Do you remember which President launched the Bay of Pigs Invasion, or which Commander in Chief shouldered the blame for the failed Operation Eagle Claw? Do you know when the Battle of Trenton took place, or which country Napoleon was trying to invade when he suffered a major 19th-century loss? Take our quiz to prove your military disaster IQ!
Throughout history, military organizations have been used to protect countries and their people, enforce borders and laws, and quash conflicts between groups with conflicting beliefs or agendas. Yet, as with every type of organization or undertaking, there are plenty of times when things take a wrong turn. When it comes to military disasters, this can mean an extensive loss of lives, both military and civilian, as well as the destruction of cities, property and million-dollar machinery.
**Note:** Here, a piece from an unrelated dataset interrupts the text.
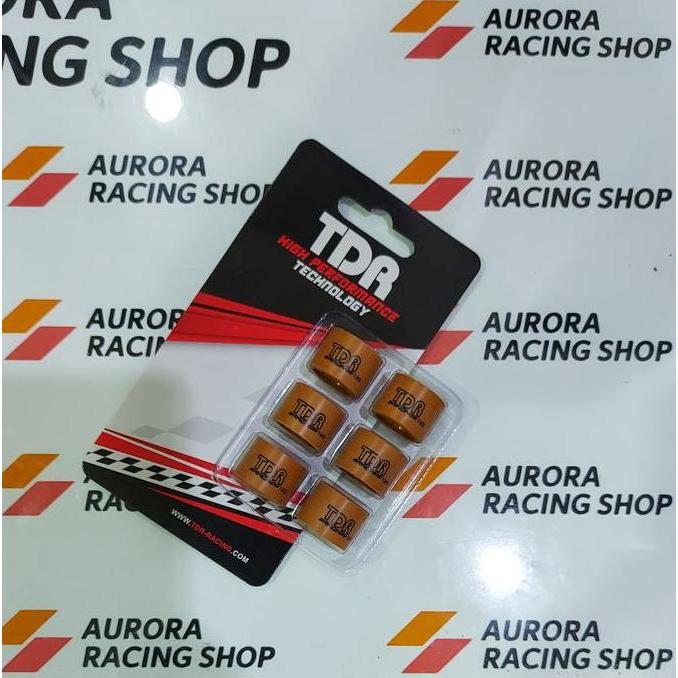 Promo Roller PCX 125 - PCX 150 - PCX 160 - TDR Racing Diskon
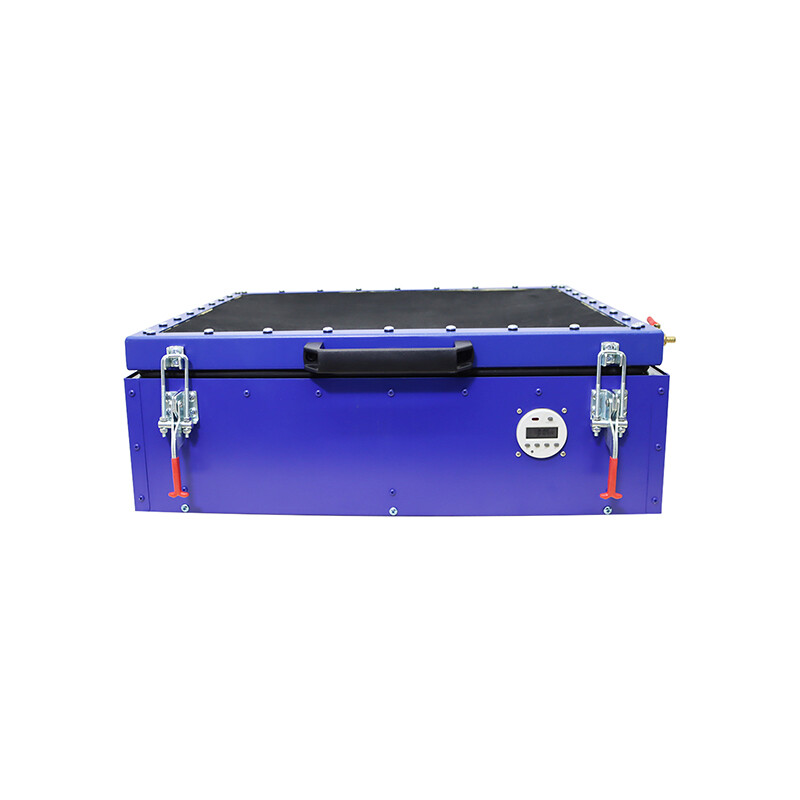 18*22in Vacuum UV Exposure Unit 110V for Precise Screens w/ Timer Function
Of course, how you define a military disaster depends on which side you're on. Because history is always written by the victors, what one side considers a disaster may be seen as a source of celebration by those on the other side. With the perspective of time, however, massive casualties of any kind can often be described as disastrous, no matter where your loyalties may lie.
Think you remember the details of some of the biggest disasters and defeats in military history? Take our quiz to find out!
After a group of radical students took 52 Americans hostage in Tehran in 1979, U.S. President Jimmy Carter was under immense pressure to resolve the crisis. Operation Eagle Claw was an attempt to rescue the hostages in 1980. It ultimately failed and left eight American soldiers dead, with the hostages still firmly under the control of the radical kidnappers.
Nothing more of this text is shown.